Ultimate Classic Rock critic Matthew Wilkening rated "Thunder on the Mountain" as Dylan's 6th best song he recorded between 1992 and 2011, saying that "the only thing more surprising than how powerfully and effortlessly Dylan and his band" perform the song is that Dylan knows who Alicia Keys is.

NJ Arts critic Jay Lustig identified it as his favorite song on Modern Times and referred to it as "the rollicking opening track...which manages to be both grandly mythical and deeply quirky".

==Cultural references==

Dylan references his former residence, Hell's Kitchen, Manhattan and a former resident, Alicia Keys. He claims to have been inspired to write the song after admiring Keys' performance at the 2002 Grammy Awards. These lines, however, are themselves a veiled reference to the Memphis Minnie song "Ma Rainey".

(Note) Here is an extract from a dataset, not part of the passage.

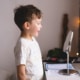 Photo of small boy looking at mirror representing a boy who's pediatric speech therapist has done excellent keyword research and used both long tail keywords and short tail keywords as part of their overall SEO strategy.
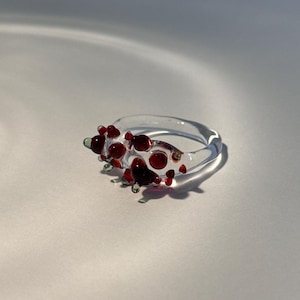 Puede incluir: Un anillo de vidrio transparente con detalles rojos y verdes. El anillo presenta pequeñas cuentas redondas de vidrio rojo y algunas cuentas verdes. El anillo está sobre un fondo blanco, con sombras que añaden profundidad.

The line "I've been sitting down studying The Art of Love" is the first of many references to the Ancient Roman poet Ovid on Modern Times.

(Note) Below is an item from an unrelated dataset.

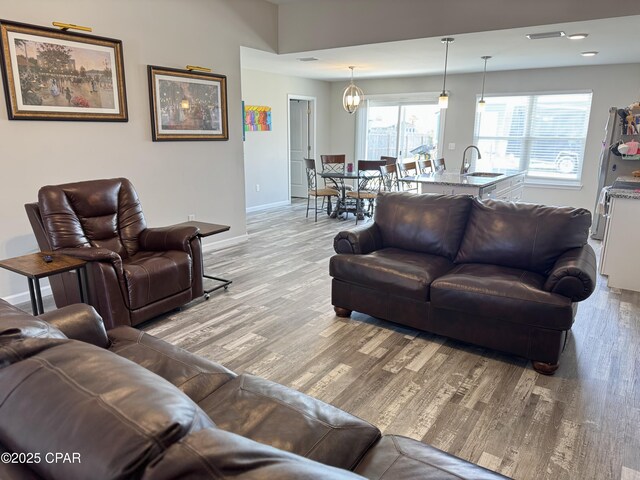 living area with baseboards and light wood-style floors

The song is studded with biblical allusions: The title, for example, evokes the divine presence at Mount Sinai in the Book of Exodus while the line "Today's the day I'm gonna grab my trombone and blow" suggests Dylan himself playing the role of the archangel Gabriel blowing his horn.

==Music video==

Screen capture from the "Thunder on the Mountain" music video

An official music video was made for the song, which consists entirely of archival footage of many of Dylan's film and television performances over the decades - from the mid-1960s through the early 21st century. The video premiered at Slate on December 8, 2006. Popsugar called the video "a great trip, chronicling the many guises of the formerly nostalgia-phobic Bob over the years".

==Live performances==
As of December 8, 2019, the date of its most recent outing, he has performed the song live 788 times. This makes it the most frequently played song from Modern Times by a significant margin. The live debut occurred at KeyArena in Seattle, Washington on October 13, 2006, and the last performance (to date) took place at The Anthem in Washington, D.C., on December 8, 2019.

==Notable covers==
The song was covered by The Grateful Dead's Phil Lesh and The Allman Brothers Band's Warren Haynes at a live charity concert benefiting the Music for Youth Foundation at Lincoln Center in New York City on November 9, 2006.

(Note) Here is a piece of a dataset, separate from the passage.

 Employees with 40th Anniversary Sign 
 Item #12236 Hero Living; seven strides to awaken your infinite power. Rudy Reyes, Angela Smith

American rockabilly singer Wanda Jackson recorded a version of the song, produced and featuring lead guitar by Jack White, that was released as a single and on Jackson's The Party Ain't Over album in 2011. In Jackson's version, the name "Jerry Lee" was substituted for "Alicia Keys". According to Jackson, it was Dylan's idea that she record the song: "Jack and Bob have, I think, a rather special relationship, so Jack wanted me to do a song of [Dylan's], and he called him and asked which song would he choose? And Bob Dylan is also a fan of mine, which I wasn't aware of, and he said, 'Well, it has to be "Thunder on the Mountain". There's just no doubt about that'".

Rolling Stones bassist Bill Wyman covered it for his 2024 album Drive My Car in an arrangement that combined elements from Dylan's original studio version and Wanda Jackson's cover.